• _Data shown_:
++++++

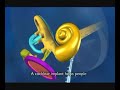 Cochlear Implant Introduction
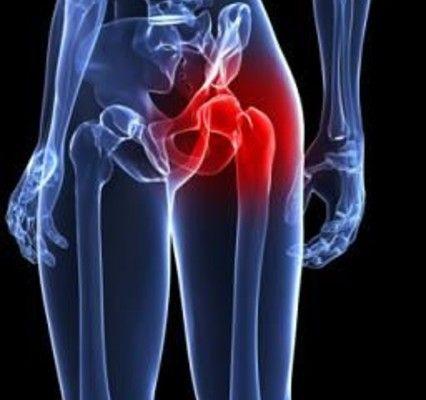 FAQs About Hip Impingement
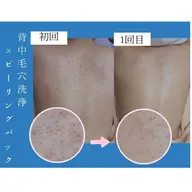 【背中ニキビ＆シミ】背中ケアキャンペーン！汗やムレによるニキビケア♪背中毛穴洗浄+肌別パック※クーポン内容要確認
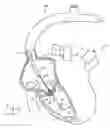 Fig. 12 - Systems and methods for treating a regurgitant heart valve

++++++

• _Assignment_:
For this task, give the full listing again verbatim and keep out every picture.

• _Output for this task_:
 Cochlear Implant Introduction
 FAQs About Hip Impingement
 【背中ニキビ＆シミ】背中ケアキャンペーン！汗やムレによるニキビケア♪背中毛穴洗浄+肌別パック※クーポン内容要確認
 Fig. 12 - Systems and methods for treating a regurgitant heart valve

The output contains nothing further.